"The rules" are actually, what you, as a sub/master want them to be. Really, the best advice is to sit down with your partner and negotiate the terms of your relationship. And this goes beyond merely the use of a safeword when doing a scene.
Points to ponder:
1. A D/S relationship is a *power sharing* relationship. Really. It is said that the sub in the relationship has "all" the power, because s/he has the ultimate power: to end it, by walking out. This is crap. Yes, it is the ultimate power (as in "final"), but ultimate is not "all", by any stretch of the imagination.

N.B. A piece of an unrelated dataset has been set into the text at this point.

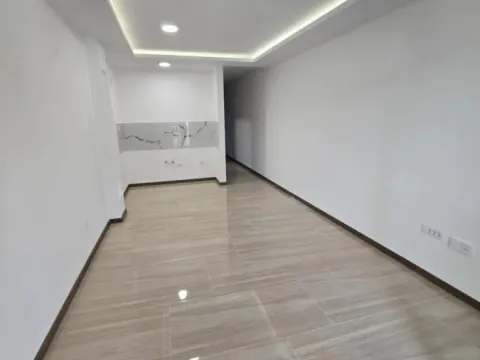 Izdavanje, garsonjera, 33m², Železnička Stanica, Novi Sad Sve Podlokacije - image 3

2. How far does the D/S relationship go? ie, is it just in the bedroom, is it in domestic situations, does it cover any aspects of the sub/doms life outside the relationship?
3. Is the relationship to include others outside the relationship at the direction of the dom? If so, what activities are permitted, how often, and under what overall conditions?
4. Is switching roles to be allowed? If so, again, how often/under what circumstances?
5. Whatever the agreement, RESPECT it. If one of you feels uncomfortable with doing certain stuff, state that. And remember, it is possible to negotiate further negotiations. People are often curious about something, try it, and find they either do or do not like it. People do change their views. A regular "contract review" session (weekly, monthly, whatever you're comfortable with) should always be part of the plan.
6. Approach all this not as a burdonsome job, but as a fun activity. Hey, agreements can in and of themselves, make for some good foreplay.
7. Have fun, whatever you do.
__________________
On the kinkometer, my kink measures as a sine wave.